Yesterday’s Strib had an op-ed, undoubtedly carefully chosen by public school education hater Doug Tice, and which was carried under a hed he probably wrote: For-profit education isn't the enemy. Hell it ain’t, Doug.
The op-ed was reprinted from The Economist. Well, yes, says the Economist, dodgy things do happen in the for-profit sector:
Yet recent government reports suggest that some of these colleges have a troublingly familiar business model: flogging a low-grade product to people who are paying with subsidized government loans. The Department of Education reported that most students at many of these universities were defaulting on their loans.
Similarly, an investigation by the Government Accountability Office found that even leading for-profit colleges such as Kaplan and the University of Phoenix had engaged in dodgy practices to recruit students and encourage them to borrow large sums to pay for their courses.
But, says the Economist, we mustn’t allow ourselves to be distracted from what is really at stake:
The principle? Concentrate on the quality of the education, not the ownership. All sorts of colleges seem to have been guilty of shabby marketing. They should be treated the same.
Why yes, we hear about the shysters at the University of Minnesota admissions office all the time! Not to mention MNSCU and those sly marketers at places like St. Olaf or Hamline. Complete dens of inequity. That’s silly, obviously, and there’s been darn little reporting of a liberal arts college recruiter out beating the bushes to round out this year’s class of English majors.
But let’s focus on quality for a moment. One way that’s useful is to see if the students are able to earn enough money to pay for their education. Seems fair, doesn’t it? Well, if you’ve been reading Aaron’s posts on for-profit colleges, you know a much larger percentage of them don’t, based on student loan default rates.
Here’s part of a response Aaron left to a comment by a for-profit educator:
There's no way that 2 year programs in business or law enforcement that charge over 14,000 dollars a year are affordable on the wages of the careers that they are trained for. That's why the student loan default rate is so much higher for for profit college students compared to public higher education students. Important information about cost is largely concealed from students and the public. For edification, go to the Minnesota School of Business website http://www.msbcollege.edu/ and try to find out how much tuition costs per semester. Go ahead, look for it. Now go to Century College's website http://www.century.edu/ and click on the "Future Students" tab. See if you can find out how much tuition is.

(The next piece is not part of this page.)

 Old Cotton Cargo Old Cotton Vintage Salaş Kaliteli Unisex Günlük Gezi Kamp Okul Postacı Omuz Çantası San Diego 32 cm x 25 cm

Part of the reason for this is the fact that, again as Aaron points out in the same comment:
However, what we know from looking at the 10-K forms of Corinthian Colleges, Career Education Corp., and the Apollo Group is that marketing and recruitment are at least 1/4 of the expense of operating a for-profit college. If MnSCU schools spent 1 in 4 dollars on advertising for students, there would be a revolt.
And that doesn’t include the profit, either.